**WHAT TO DO:** The required output is the stretch from the line containing "Modern Blue &" through the line containing "Stainless Steel One" in the records below, unaltered and with no pictures.

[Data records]
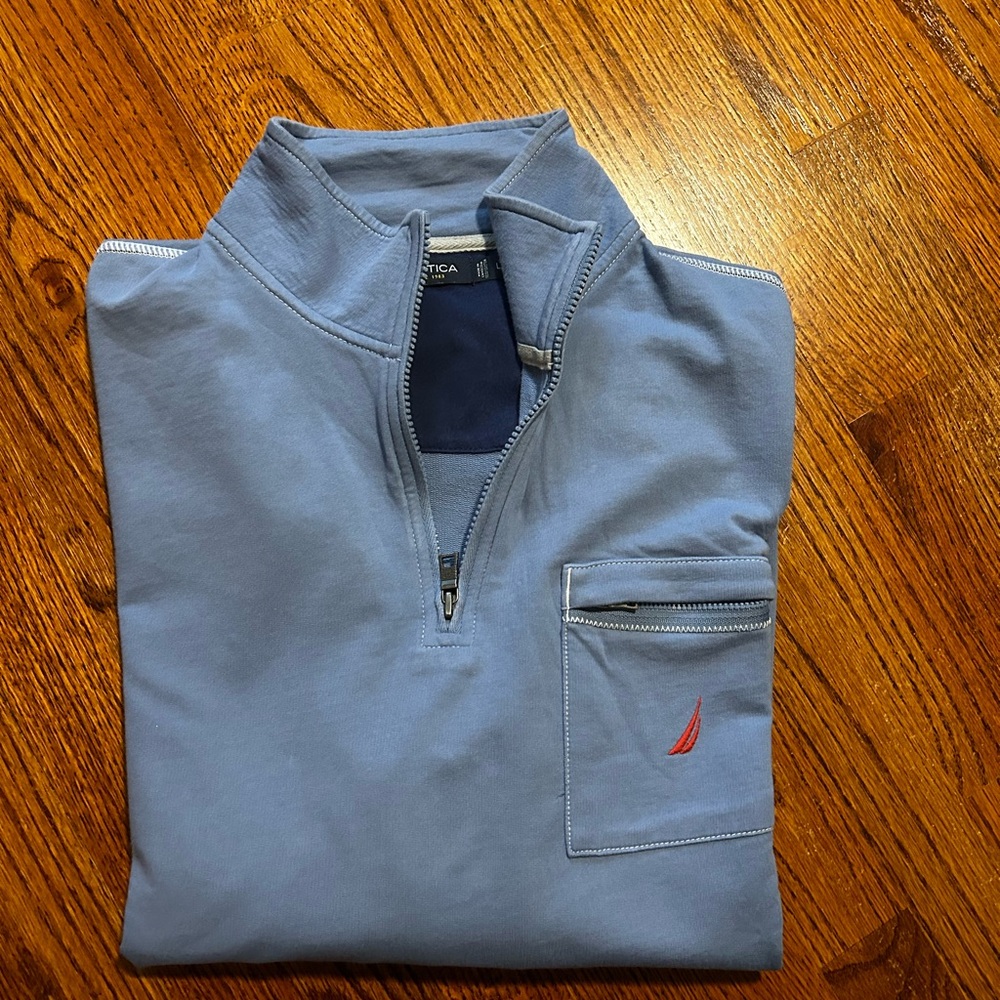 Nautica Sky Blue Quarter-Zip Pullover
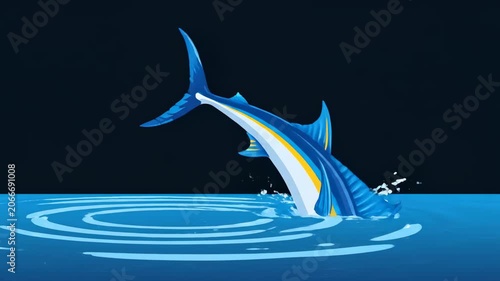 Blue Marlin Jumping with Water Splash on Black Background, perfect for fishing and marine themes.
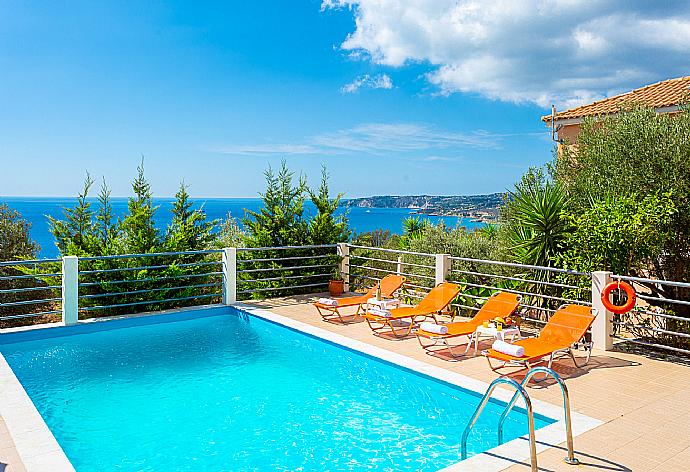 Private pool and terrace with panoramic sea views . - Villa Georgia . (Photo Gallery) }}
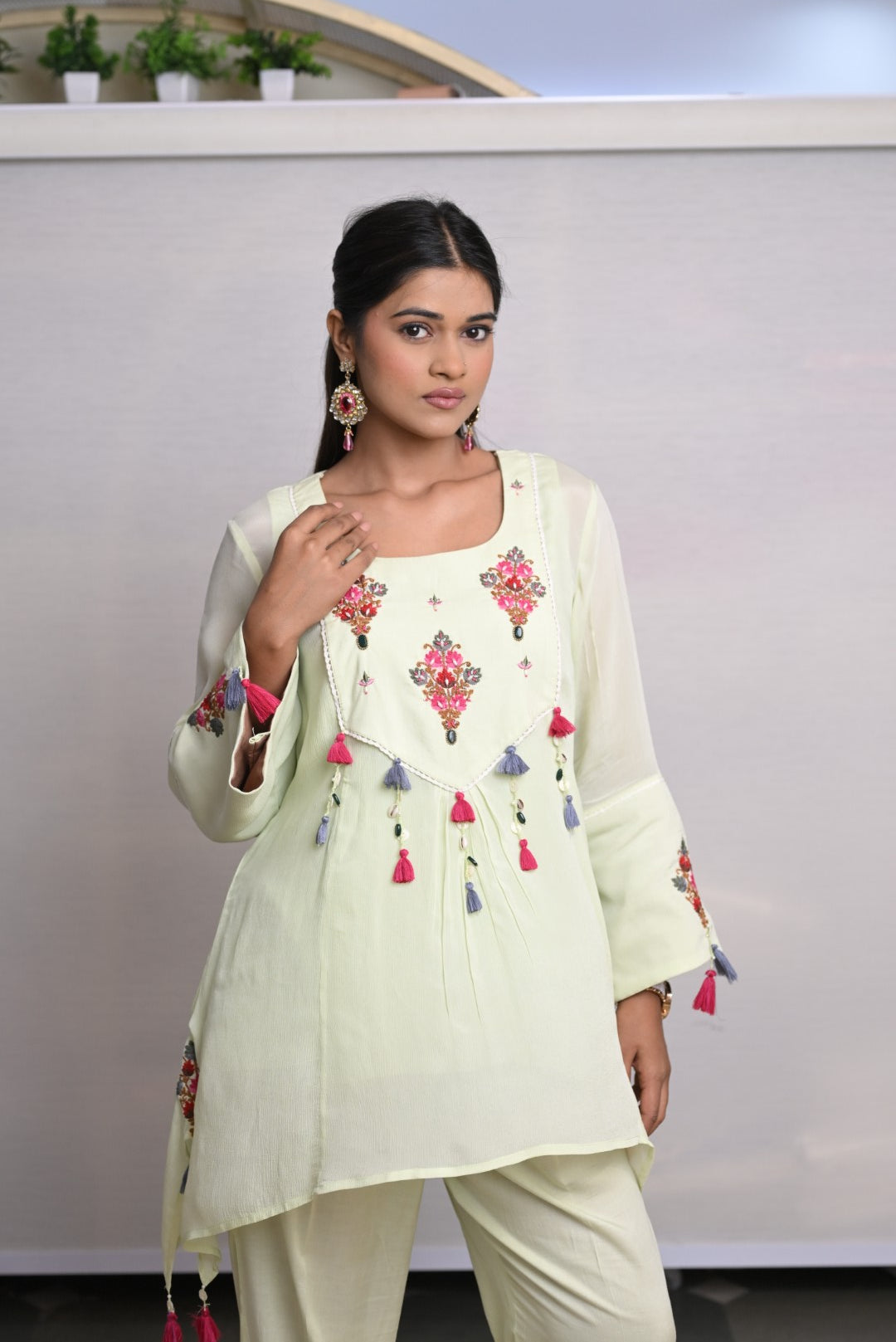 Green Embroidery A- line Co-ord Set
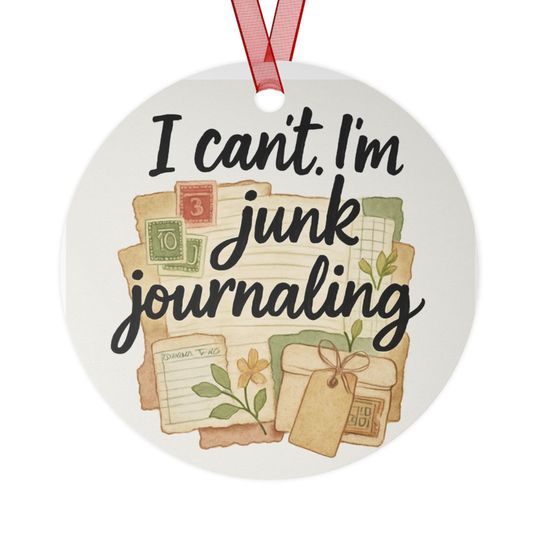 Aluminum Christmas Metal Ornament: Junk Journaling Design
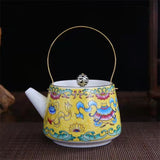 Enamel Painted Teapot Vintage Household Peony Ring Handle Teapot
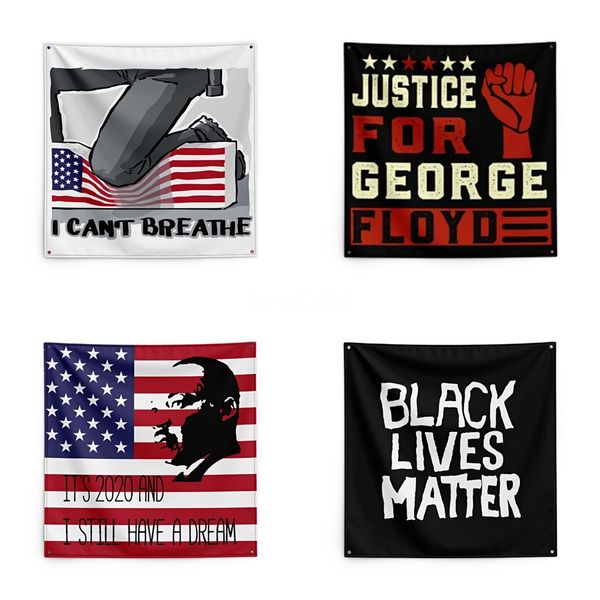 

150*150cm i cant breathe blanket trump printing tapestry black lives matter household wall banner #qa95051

--

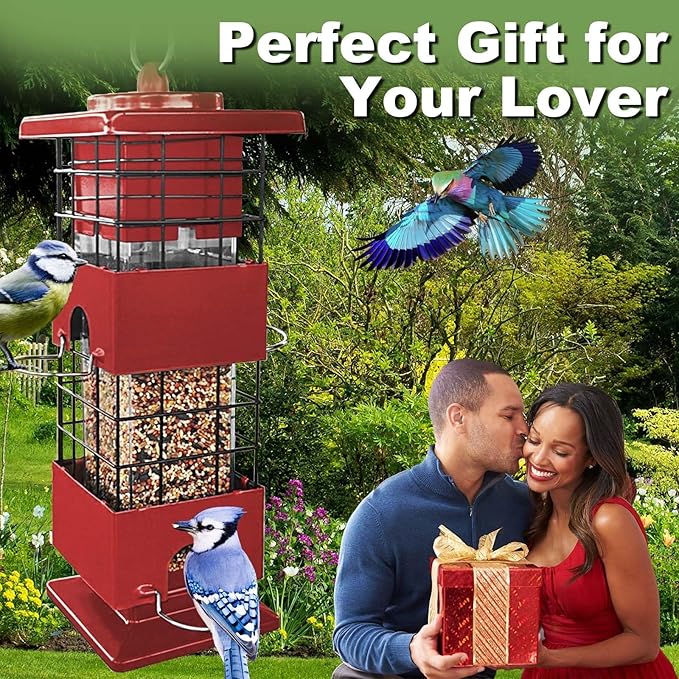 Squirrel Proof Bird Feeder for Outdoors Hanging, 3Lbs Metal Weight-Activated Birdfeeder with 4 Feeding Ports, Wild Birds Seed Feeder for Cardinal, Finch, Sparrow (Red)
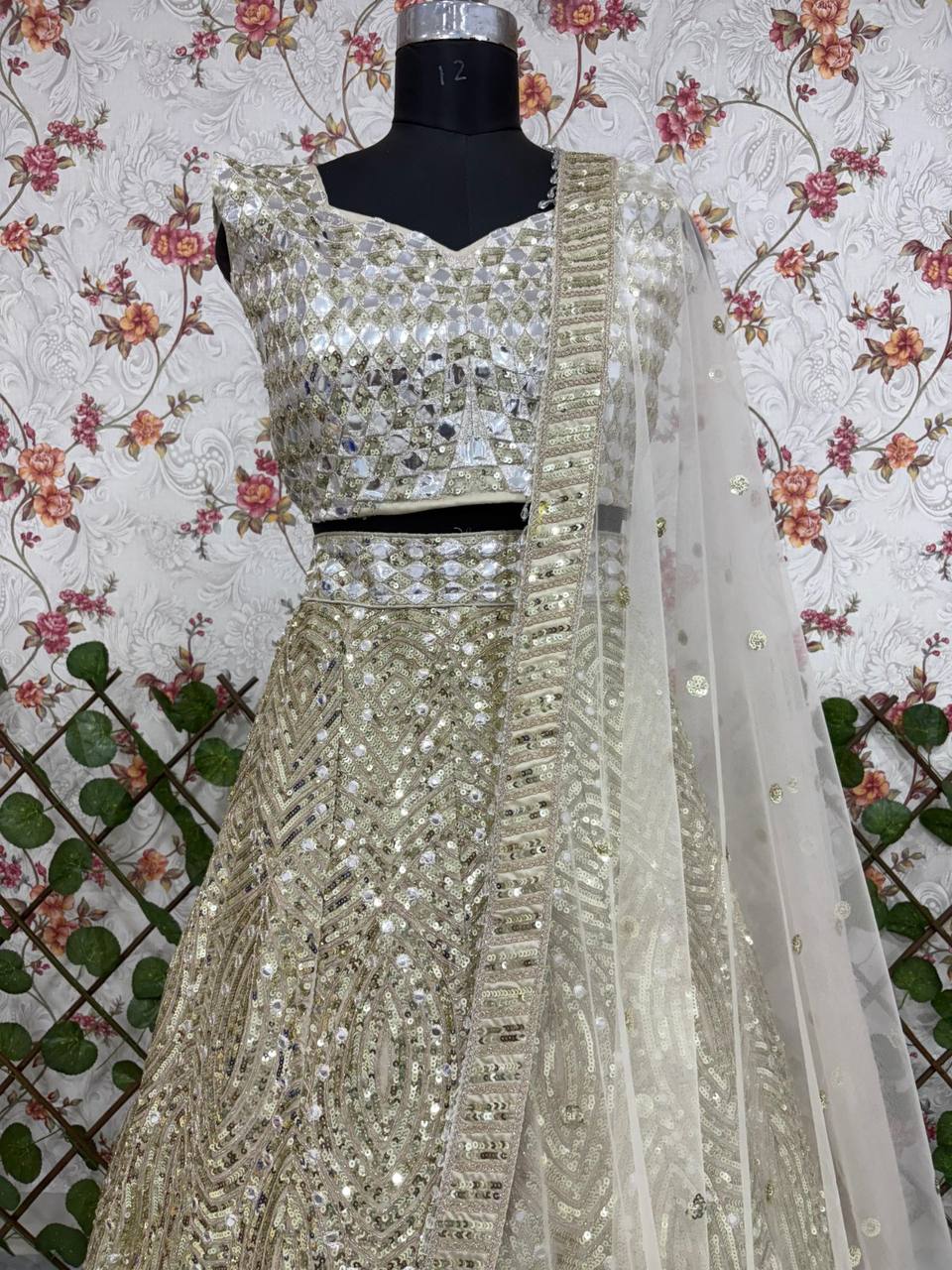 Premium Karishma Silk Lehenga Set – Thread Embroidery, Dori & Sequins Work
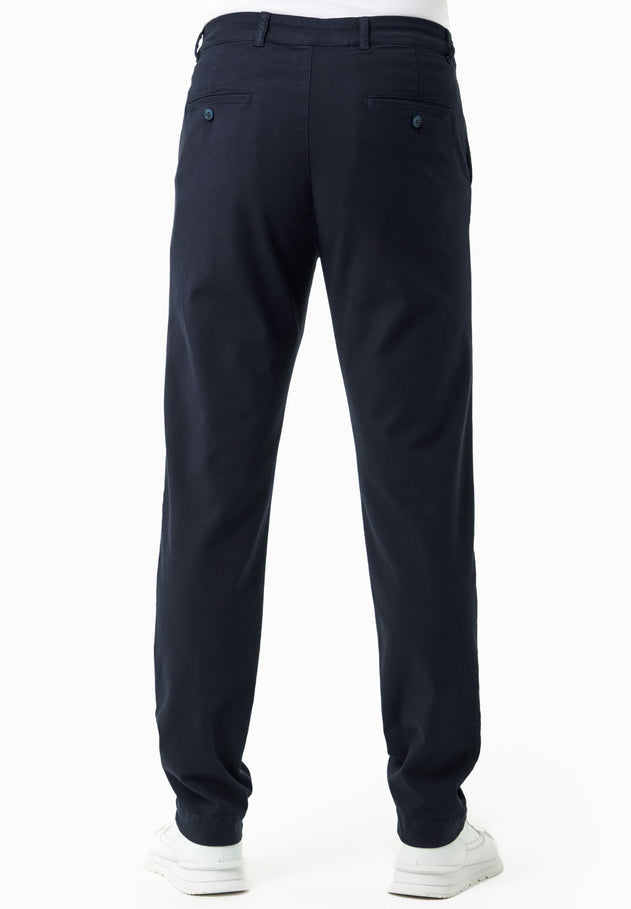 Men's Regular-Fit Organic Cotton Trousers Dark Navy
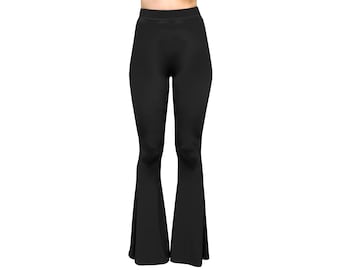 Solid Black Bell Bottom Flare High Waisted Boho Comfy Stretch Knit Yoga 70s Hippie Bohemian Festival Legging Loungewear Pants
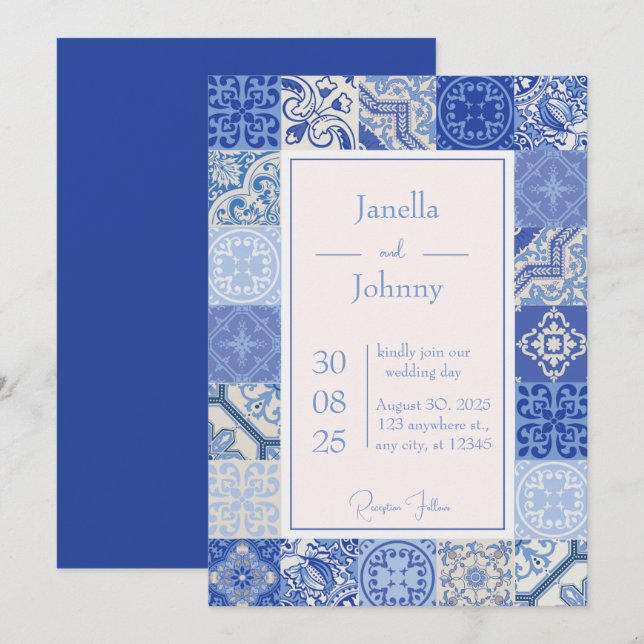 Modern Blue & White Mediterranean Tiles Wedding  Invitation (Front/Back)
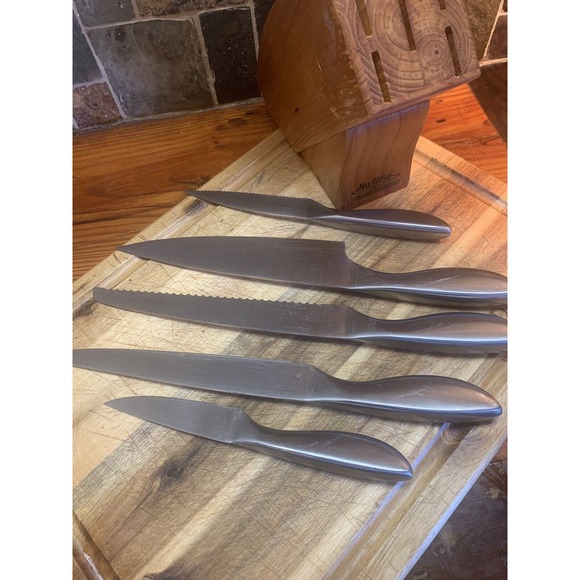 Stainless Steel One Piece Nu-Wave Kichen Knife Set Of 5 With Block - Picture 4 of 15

**REPLY:**
 Modern Blue & White Mediterranean Tiles Wedding  Invitation (Front/Back)
 Stainless Steel One Piece Nu-Wave Kichen Knife Set Of 5 With Block - Picture 4 of 15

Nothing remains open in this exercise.